Data for this task:
####

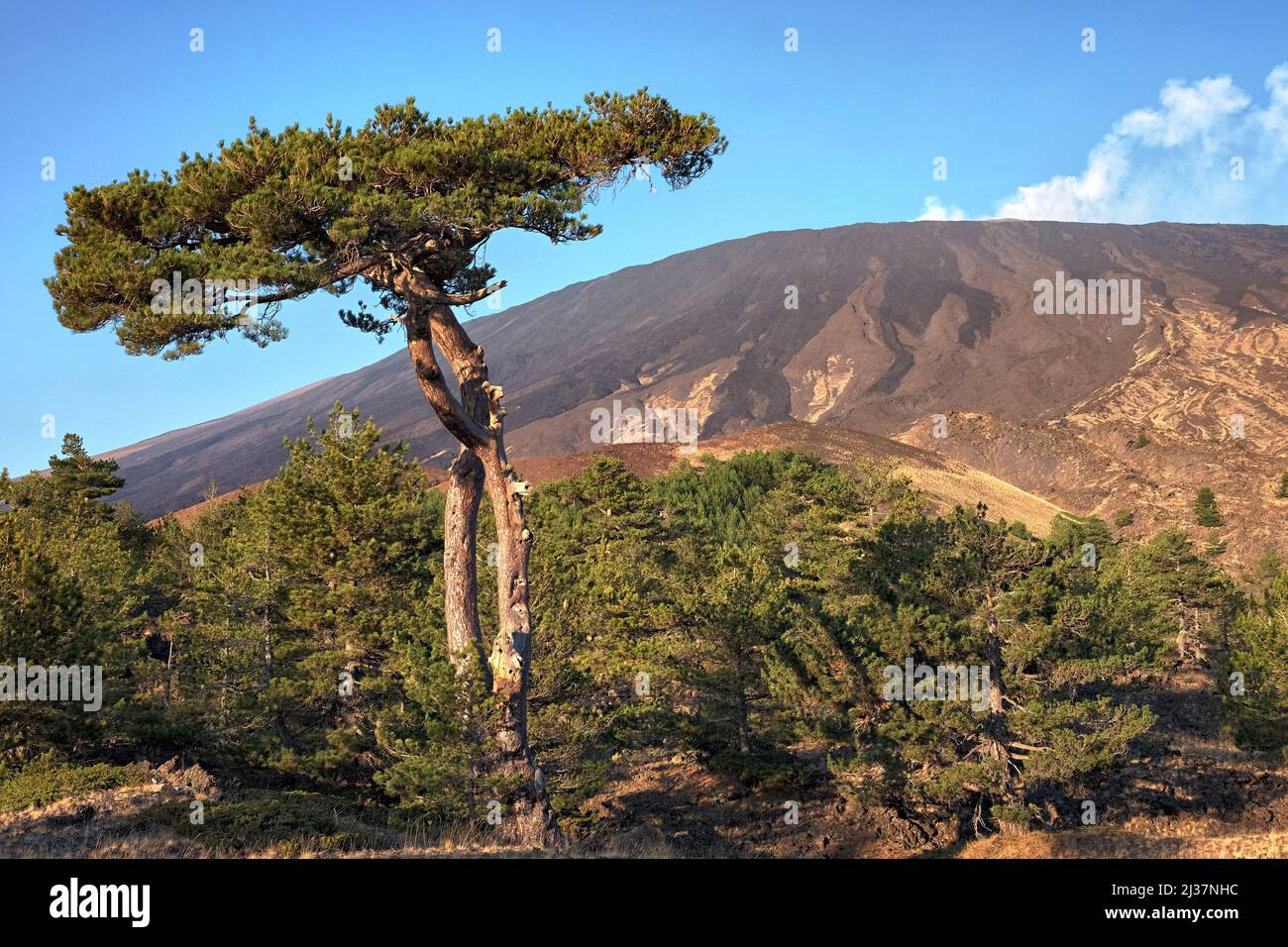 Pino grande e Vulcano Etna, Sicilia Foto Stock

####

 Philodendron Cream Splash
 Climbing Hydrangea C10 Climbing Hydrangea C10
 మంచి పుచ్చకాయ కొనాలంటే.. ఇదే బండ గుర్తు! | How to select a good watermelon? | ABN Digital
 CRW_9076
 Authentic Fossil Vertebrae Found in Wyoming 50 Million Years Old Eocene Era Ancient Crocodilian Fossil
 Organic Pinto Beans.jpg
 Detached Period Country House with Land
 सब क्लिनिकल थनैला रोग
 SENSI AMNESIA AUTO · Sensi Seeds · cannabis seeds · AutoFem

####

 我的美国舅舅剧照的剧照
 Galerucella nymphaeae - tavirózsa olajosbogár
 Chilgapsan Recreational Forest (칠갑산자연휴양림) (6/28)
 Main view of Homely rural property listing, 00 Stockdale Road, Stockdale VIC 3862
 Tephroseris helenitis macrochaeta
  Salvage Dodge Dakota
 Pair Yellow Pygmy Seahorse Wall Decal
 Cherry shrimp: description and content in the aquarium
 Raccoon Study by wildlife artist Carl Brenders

####

Problem details:
From the listing above, repeat exactly the lines starting at the line that includes "我的美国舅舅剧照的剧照" and ending at the line that includes "Cherry shrimp: description", with nothing outside that span.

Task result:
 我的美国舅舅剧照的剧照
 Galerucella nymphaeae - tavirózsa olajosbogár
 Chilgapsan Recreational Forest (칠갑산자연휴양림) (6/28)
 Main view of Homely rural property listing, 00 Stockdale Road, Stockdale VIC 3862
 Tephroseris helenitis macrochaeta
  Salvage Dodge Dakota
 Pair Yellow Pygmy Seahorse Wall Decal
 Cherry shrimp: description and content in the aquarium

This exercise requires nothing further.